De son côté, en servant aux Chinois la réthorique de la Guerre froide, Xi Jinping envoie un message de grandeur : la nouvelle Guerre froide, comme l'ancienne, oppose les deux premières puissances mondiales. Sauf que cette fois-ci, c'est la Chine qui relève le gant.

La Guerre froide, une guerre idéologique, camp contre camp...

Celle-là aussi est une guerre idéologique, lorsqu'on y pense : elle oppose les démocraties libérales à une dictature féroce et surtout orwellienne. Quand la Chine met au pas Hong Kong, elle le fait parce qu'elle ne supporte pas l'idée qu'une expérience démocratique, inspirée de l'Occident, puisse réussir à gouverner des Chinois... même quelques millions.  C'est au fond ce qui la dérange aussi avec Taïwan.

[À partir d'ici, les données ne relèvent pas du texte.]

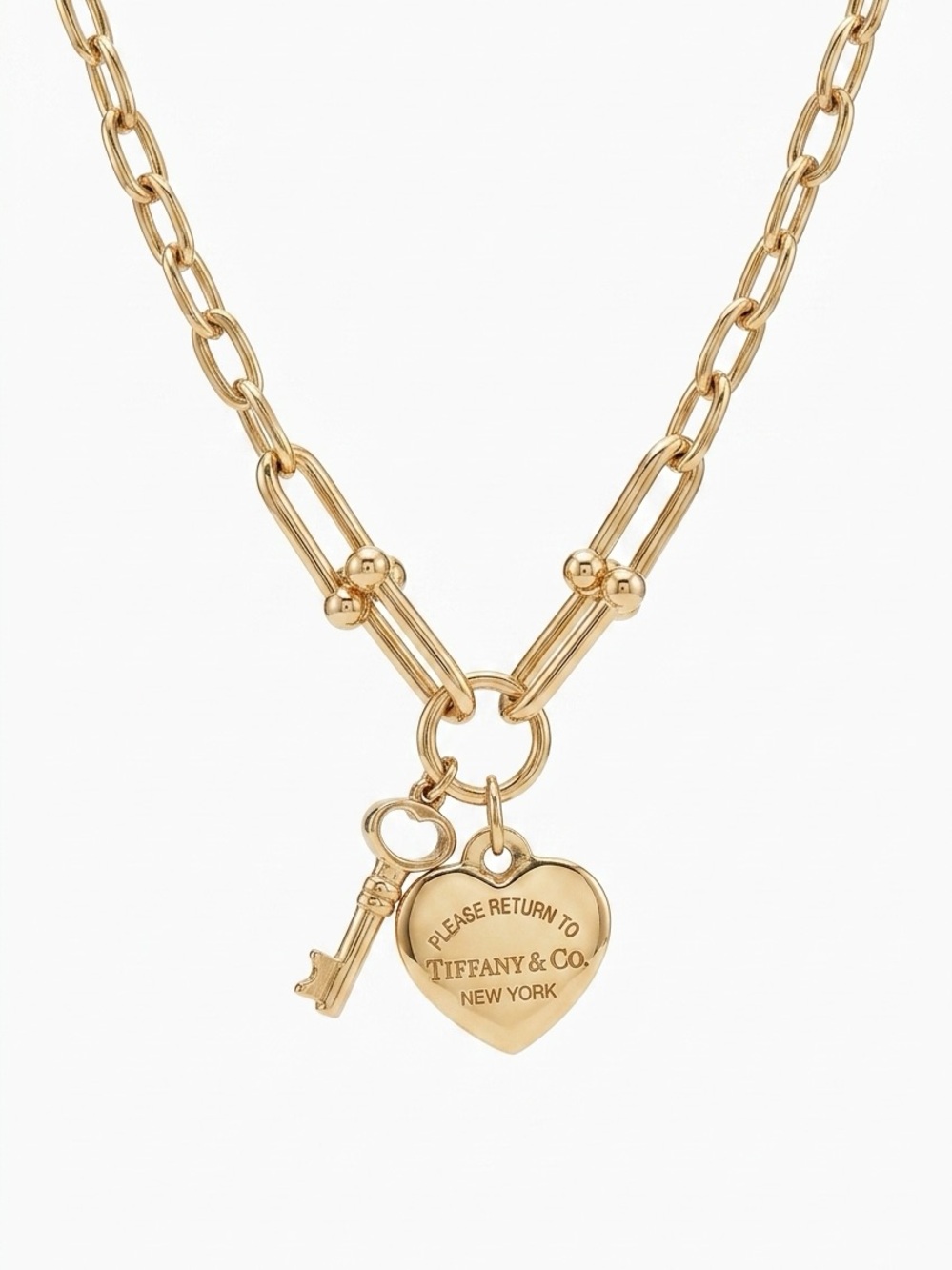 Fashion Jewelry Gold Heart and Key Pendant Necklace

Quant aux Etats-Unis – on le voit bien avec l'affaire Huawei – il demandent clairement à leurs alliés de choisir leur camp. La Grande-Bretagne, l'Australie, la Nouvelle Zélande viennent de le faire. Mais l'Italie aussi... et probablement demain le Brésil et la France.

Est-ce une mauvaise idée de ce ranger du côté des Américains ? Je reconnais que c'est assez désagréable, surtout lorsqu'ils sont représentés par Donald Trump. Mais je n'oublie pas que les Etats-Unis sont une démocratie et que, malgré tout, ils partagent nos valeurs.

Une 3e voie possible ?

Si l'Europe puissance existait, il y aurait une 3e voie possible. Mais ce n'est pas encore le cas. La plupart des pays d'Europe, nous compris, dépendent pour leur défense et leur renseignement de l'Alliance atlantique. Donc ce que Washington veut, Dieu le veut.

Maintenant, je voudrais tout de même ajouter un point important : on n'est pas tenu d'entrer dans cette réthorique de la Guerre froide avec la Chine. D'abord parce que nous commerçons avec elle. Ce qui n'était que marginalement le cas avec le Bloc soviétique.

C'est d'ailleurs un des calculs les plus malins de la Chine : en se rendant indispensable économiquement, Pékin pensait tétaniser l'Europe. Elle y est presque parvenue. Or c'est une arme à double tranchant : la Chine a aussi besoin de nous pour sa prospérité.

Enfin, il y a l'Afrique où nous avons des atouts de proximité à faire valoir. Mais surtout, il y a l'Inde qui est une démocratie, qui se méfie de la Chine et qui ne demande qu'à se développer avec nos capitaux. L'Inde, la seule puissance d'avenir crainte par Pékin.